Frente a él, algo se movía en el aire, en el follaje, sobre la superficie del agua quieta, en el fondo mismo del río. Algo que parecía tener todas las formas, y nutrirse al mismo tiempo de todas ellas. Cambiaba incesantemente, sin permitir que los ojos alucinados se acostumbrasen a una. De pronto asumía el volumen de un papagayo, pasaba a ser un bagre guacamayo saltando con la boca abierta y se tragaba la luna, y al caer al agua lo hacía con la brutalidad de una quebrantahuesos desplomándose sobre un hombre. Ese algo carecía de forma precisa, definible, y tomara lo que tomara siempre permanecían en él los inalterables brillantes ojos amarillos.

– Es tu propia muerte disfrazándose para sorprenderte. Si lo hace, es porque todavía no te llega el momento de marcharte. Cázala -le ordenaba el brujo shuar, masajeando su aterrado cuerpo con puñados de ceniza fría.

Y la forma de ojos amarillos se movía en todas direcciones. Se alejaba hasta ser tragada por la difusa y siempre cercana línea verde del horizonte, y al hacerlo los pájaros volvían a revolotear con sus mensajes de bienestar y plenitud. Pero pasado un tiempo reaparecía en una nube negra bajando rauda, y una lluvia de inalterables ojos amarillos caía sobre la selva prendiéndose de los ramajes y las lianas, encendiendo la jungla con una tonalidad amarilla incandescente que lo arrastraba de nuevo al frenesí del miedo y de las fiebres. El quería gritar, pero los roedores del pánico le destrozaban a dentelladas la lengua. El quería correr, pero las delgadas serpientes voladoras le ataban las piernas. El quería llegar a su choza y meterse en el retrato que lo mostraba junto a Dolores Encarnación del Santísimo Sacramento Estupiñán Otavalo y abandonar esos parajes de ferocidad. Pero los ojos amarillos estaban en todas partes cortándole el camino, en todas partes al mismo tiempo, como ahora, que los sentía arriba de la canoa, y ésta se movía, oscilaba con el peso de aquel cuerpo caminando sobre su epidermis de madera.

Contuvo la respiración para saber qué ocurría.

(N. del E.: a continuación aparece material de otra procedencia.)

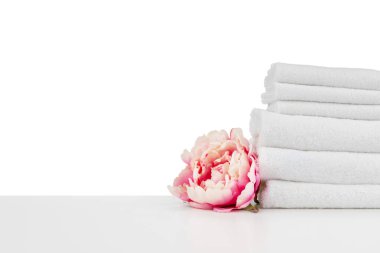Beyaz üzerinde izole havlular ve çiçekler bulunan spa kompozisyonu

No. No permanecía en el mundo de los sueños. La hembra estaba efectivamente arriba, paseándose, y como la madera era muy lisa, pulida por el agua incesante, el animal se valía de las garras para sujetarse caminando de proa a popa, entregándole el cercano sonido de su respiración ansiosa.

El paso del río, la lluvia y el paseo del animal eran toda su referencia del universo. La nueva actitud del animal lo obligaba a pensar aceleradamente. La hembra había demostrado ser demasiado inteligente como para pretender que él aceptara el desafío y saliera a enfrentarla en plena oscuridad.

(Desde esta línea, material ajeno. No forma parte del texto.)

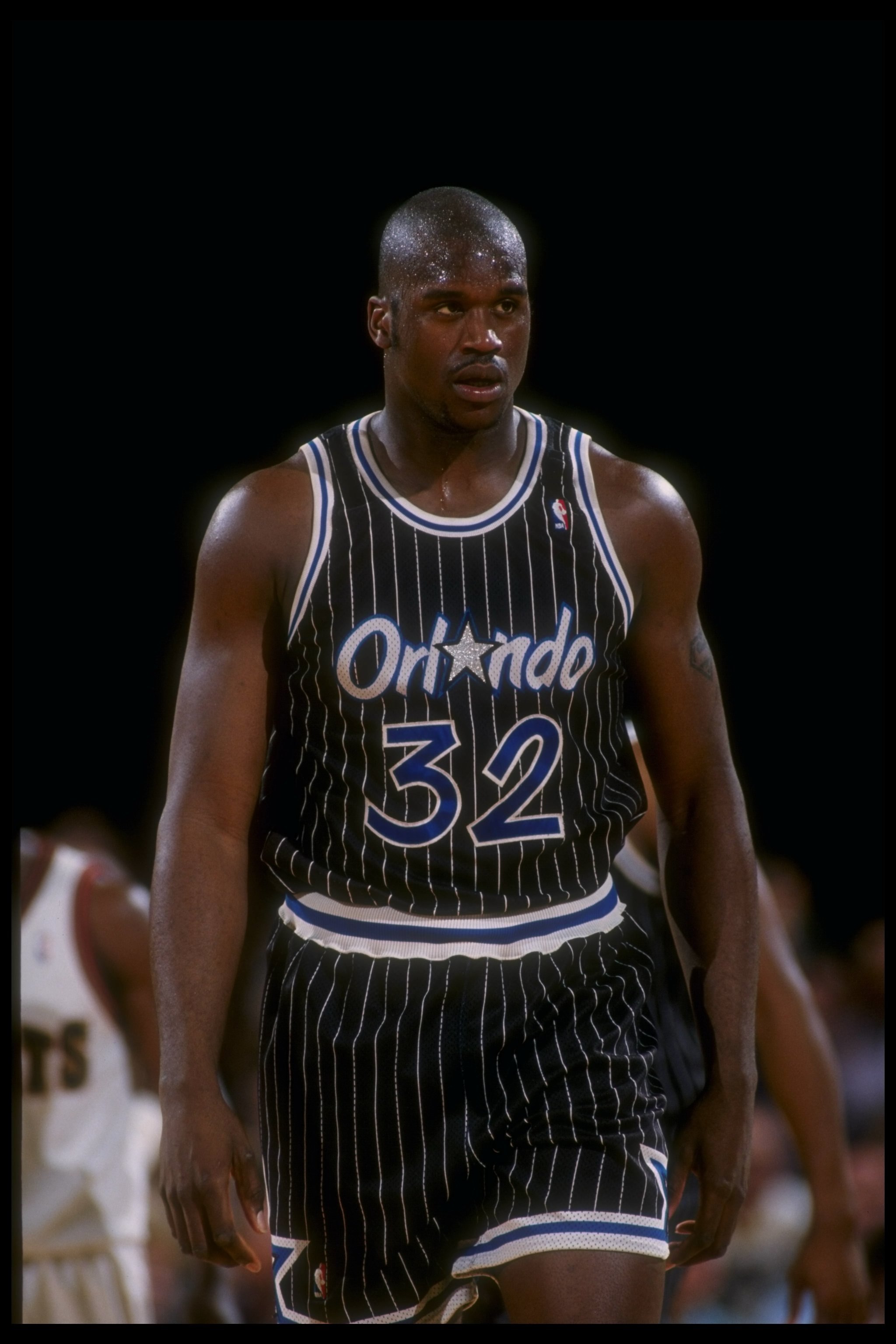 4 Mar 1994:  Center Shaquille O''Neal of the Orlando Magic looks on during a game against the Denver Nuggets at McNichols Arena in Denver, Colorado. Mandatory Credit: Tim DeFrisco  /Allsport Mandatory Credit: Tim DeFrisco  /Allsport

¿Qué nueva treta era ésa? ¿Tal vez era cierto lo que decían los shuar respecto del olfato de los felinos? «El tigrillo capta el olor a muerto que muchos hombres emanan sin saberlo.»

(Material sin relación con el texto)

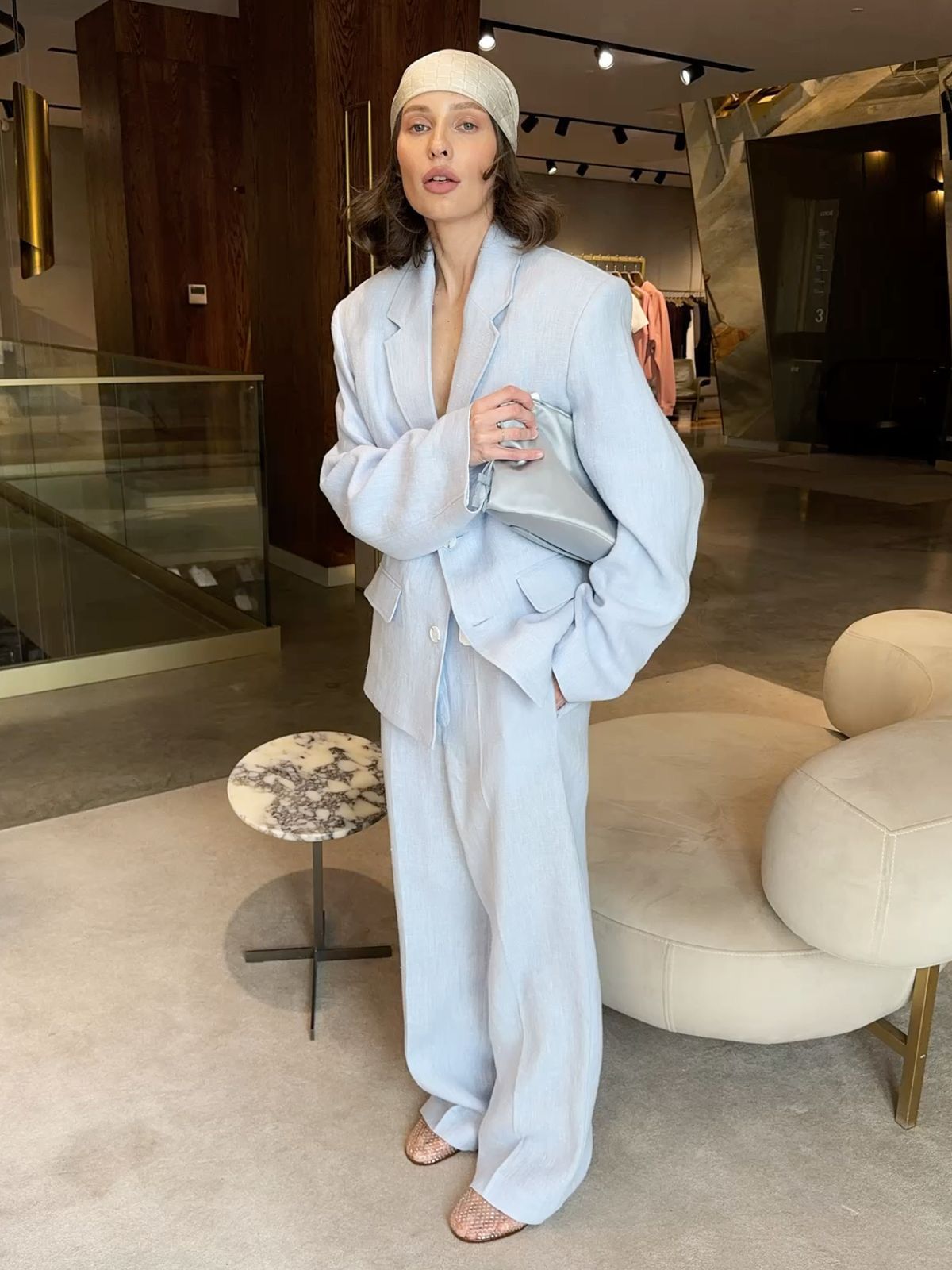 Modern minimalist street style featuring a monochromatic ice blue blazer and wide-leg trousers, styled with a chic headscarf and woven flats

Algunas gotas y luego unos chorros pestilentes se mezclaron con el agua que entraba por las rasgaduras de la canoa.

El viejo entendió que el animal estaba enloquecido. Lo meaba. Lo marcaba como su presa, considerándolo muerto antes de enfrentarlo.

Así pasaron largas y densas horas, hasta que una débil claridad se invitó a pasar hasta el refugio.

El, abajo, comprobando de espaldas la carga de la escopeta, y arriba la hembra, en un paseo incansable que se tornaba más corto y nervioso.

Por la luz dedujo que era cerca del mediodía cuando sintió bajar al animal. Atento, esperó por los nuevos movimientos, hasta que un ruido a un costado le advirtió que la hembra cavaba entre las piedras sobre las que se asentaba la embarcación.

La hembra decidía entrar a su escondite ya que él no respondía al desafío.

Arrastrando el cuerpo de espaldas, retrocedió hasta el otro extremo de la canoa, justo a tiempo para evitar la garra aparecida lanzando zarpazos a ciegas.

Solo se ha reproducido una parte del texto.